Grandi discussioni, in questi giorni, sulle violenze del 31 gennaio, a Torino, proposte di nuove restrizioni da parte del governo. Meloni fa visita in ospedale agli agenti feriti. I giornali di oggi parlano di scudo penale per le forze di politizia e di "stretta sui coltelli" ai minori.
Il tema della violenza giovanile è tornato con forza al centro del dibattito pubblico, questa volta a partire dai gravi episodi avvenuti a Torino negli ultimi giorni. Aggressioni di gruppo, rapine e scontri notturni in diverse zone della città – dal centro alle periferie – hanno riacceso l’allarme sicurezza e fornito al governo guidato da Giorgia Meloni l’occasione per rilanciare una linea dura contro le cosiddette bande giovanili. Ancora una volta, la risposta istituzionale si concentra quasi esclusivamente sulla repressione, lasciando sullo sfondo un problema strutturale: l’assenza di una vera politica per i giovani.
Le condizioni sociali e la repressione
Nelle settimane si sono ripetuti episodi di ragazzi aggrediti e derubati da gruppi più numerosi, spesso giovanissimi, in aree molto frequentate di alcune città. Episodi gravi, che colpiscono l’opinione pubblica e vengono rapidamente elevati a simbolo di un presunto degrado urbano fuori controllo. Ma, come spesso accade, dalla cronaca si passa in fretta a una narrazione semplificata, che individua nei giovani delle periferie – spesso appartenenti a contesti sociali fragili e, in molti casi, figli di immigrati di seconda generazione – il principale problema di sicurezza.

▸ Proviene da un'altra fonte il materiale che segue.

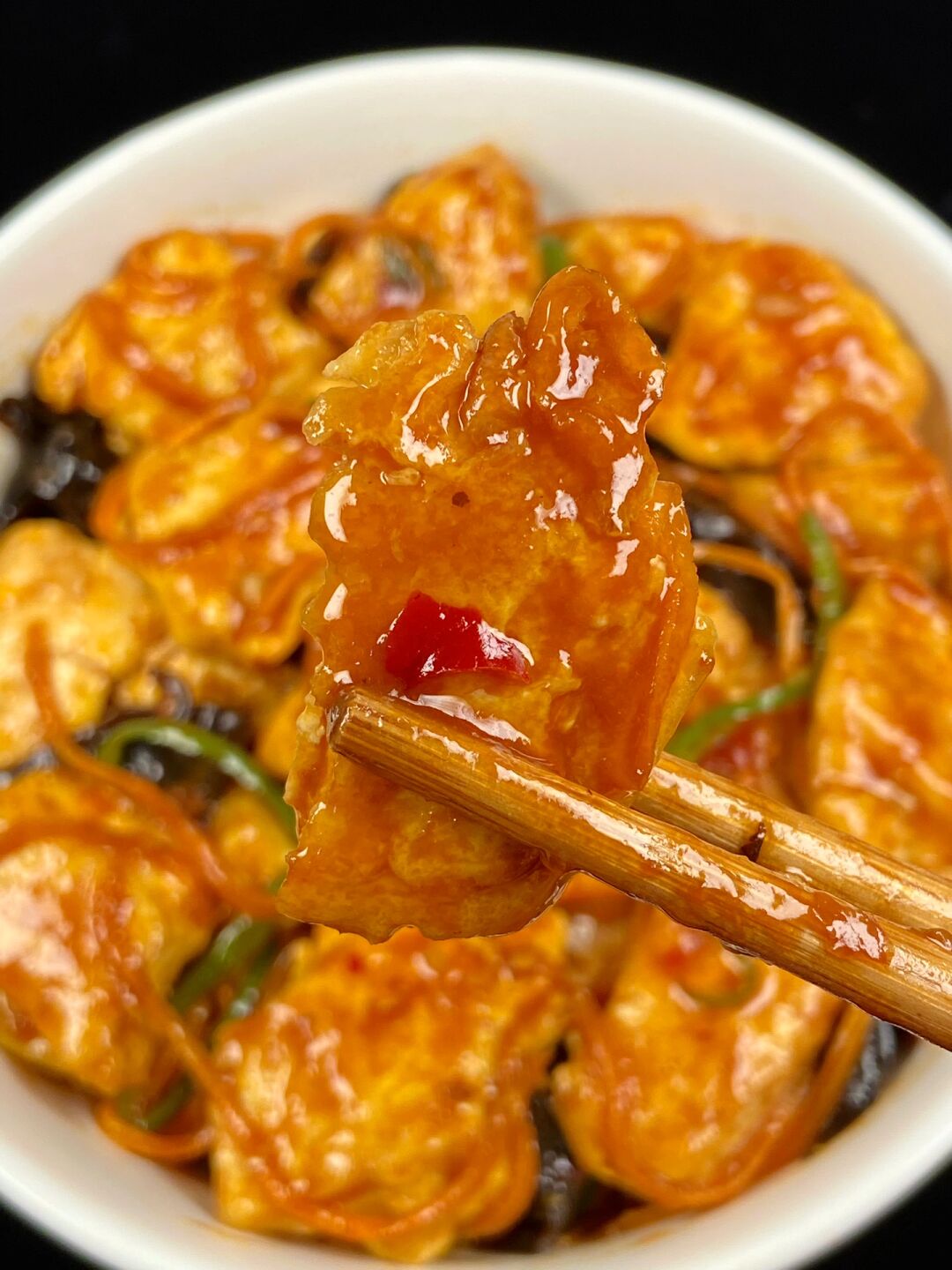 豆腐包肉家常做法(豆腐包肉的做法大全窍门) 豆腐包肉家常做法(豆腐包肉的做法大全窍门)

Il governo collega direttamente i fatti di Torino a un aumento della criminalità minorile e propone una risposta fatta di più controlli, più pattugliamenti, più videosorveglianza e pene più severe. Quello che continua a mancare, però, è una riflessione sulle condizioni materiali e sociali in cui questi ragazzi crescono: quartieri marginalizzati, scuole con risorse insufficienti, mancanza di spazi di aggregazione, assenza di opportunità lavorative e di percorsi di autonomia. In questo vuoto, la repressione diventa l’unico strumento visibile.
“Maranza”: un’etichetta comoda anche a Torino
Anche nel racconto mediatico dei fatti torinesi ricompare l’etichetta “Maranza”, usata come se indicasse bande criminali organizzate e strutturate. In realtà, si tratta di una sottocultura giovanile urbana: uno stile, un linguaggio, un modo di stare nello spazio pubblico. Giovani spesso provenienti dalle periferie, dalle classi popolari, che trovano nel gruppo un’identità e una forma di riconoscimento sociale.

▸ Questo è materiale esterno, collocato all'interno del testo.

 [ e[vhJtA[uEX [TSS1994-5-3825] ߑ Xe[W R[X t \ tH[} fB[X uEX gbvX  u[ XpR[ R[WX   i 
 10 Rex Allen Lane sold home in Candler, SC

Trasformare questa realtà in una minaccia criminale organizzata serve più alla costruzione di un nemico che alla comprensione del fenomeno. Come sottolineano diversi sociologi, a questi ragazzi vengono attribuite capacità organizzative e un livello di pericolosità che non trovano riscontro nella realtà. Il risultato è la creazione di un capro espiatorio, utile a canalizzare paure e insicurezze collettive, evitando di affrontare le responsabilità politiche e sociali di lungo periodo.
I numeri non raccontano un’emergenza incontrollata
È vero che, negli ultimi anni, i reati commessi da minorenni sono aumentati, soprattutto nel periodo post-pandemico. Anche a Torino si registra una maggiore presenza di giovani coinvolti in episodi di microcriminalità e violenza. Tuttavia, questi dati vanno letti insieme all’aumento dei controlli di polizia, delle denunce e dell’attenzione mediatica, non come prova dell’esistenza di un malessere esistenziale che facilmente può essere strumentalizzato da gruppi che lo incanalano verso un esplosione incontrollabile della violenza.
La criminalità complessiva, a livello nazionale, resta su un trend di lungo periodo in calo. E le stesse forze dell’ordine riconoscono che le vere gang giovanili organizzate sono un fenomeno limitato. La maggior parte dei gruppi coinvolti in reati è priva di una struttura stabile, di gerarchie definite e di obiettivi criminali di lungo termine. Presentare la situazione come un’emergenza permanente serve soprattutto a giustificare politiche securitarie sempre più rigide.
Sicurezza senza futuro
Secondo molte associazioni che lavorano con i minori e nei quartieri popolari, i fatti di Torino non descrivono un’emergenza criminale, ma il risultato di anni di disinvestimento nelle politiche sociali e giovanili. Quanto successo a Torino è sicuramente inaccettabile e va riprovato , ma attenzione a fare di un caso come quello una sorta di cortina fumogena che nasconde l’assenza di una strategia complessiva per il futuro delle nuove generazioni.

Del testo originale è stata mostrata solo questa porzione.